# Replace An Allure Flooring Plank



## galapas (Dec 7, 2010)

Is there a way to replace a plank of Allure flooring? My son's bed had a broken wheel on it and it rubbed right through the top layer of the plank leaving some ugly black spots. The plank has one end against a wall but the other three sides are attached to other planks.

Thanks.


----------



## JCW355 (Sep 16, 2010)

Cut 1" in around the three sides NOT cutting thru both layers, top layer only. Get a heat gun and heat it up and remove piece. You should have a 1" lip on the bottom layer sticking out for you to install replacement plank on. Take your replacement plank and remove a 1 1/16" piece around the three edges on the bottom side NOT cutting thru the top layer. You should now have a 1 1/16" lip on your replacement plack that will sit on the 1" lip you made from your old plank. Glue it with super glue or or powertape. This is the method I was taught from Konecto for plank/tile replacement. I hope I explained it so you could understand.


----------



## AskMrJay (Sep 16, 2010)

Hey there galapas,

Mr. Jay with The Home Depot here. Just to build on the advice that JCW355 gave you, I got a hold of the manufacturer and got their take on the removal process as well:



Allure Removal said:


> If you need to replace a plank of allure, use either a hair dryer or paint gun to heat up the outside of the damaged plank along the GripStrip edge. Hold the hair dryer or paint gun approx. 4” above the plank. This will soften the adhesive enough for you to then make an incision with your utility knife along the seam cutting through both the “over lip” and “under lip” GripStrip. Do this on all four sides. MAKE SURE YOU HAVE A VERY SHARP BLADE IN YOUR UTILITY KNIFE!! [Cut a slot in the center of the tile to be removed. Then using a flat head screw driver or putty knife, pry up the damaged plank.] If the edges of plank that is removed do not cut out cleanly, you may need to go back with your SHARP utility knife and with a straight edge “clean up” the edges so that perfect rectangle is left with no GripStrips remaining from the adjoining planks—just a perfect rectangle remains. When installing the replacement plank, first cut off the “under lip” GripStrip from one side and simply “attach it” to the overlip on the opposite side. Do this for both the long and short sides. It may require a few tries to get this just right, as again the result must be a perfectly rectangular plank — no GripStrips remaining. The final step is to place a few small pieces of double sided alluretape on the back of the replacement plank that you have just built, remove the tape line and just drop into position.

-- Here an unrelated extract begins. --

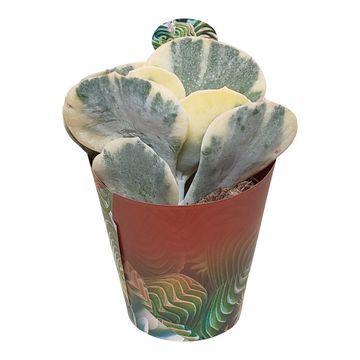 Cotyledon orbiculata 'Undulatum Variegata'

You can also opt to use a glue however for the the new lay, as JCW suggested. Make sure that whatever you pick up bonds well with vinyl however.

Hopefully you can use the info we've both given you to get it taken care of


----------



## jricharc (Sep 24, 2010)

When I installed Allure in my basement I used it on my stairwell landing and glued the planks down with some Liquid Nails Heavy Duty adhesive and it's holding very tight.


----------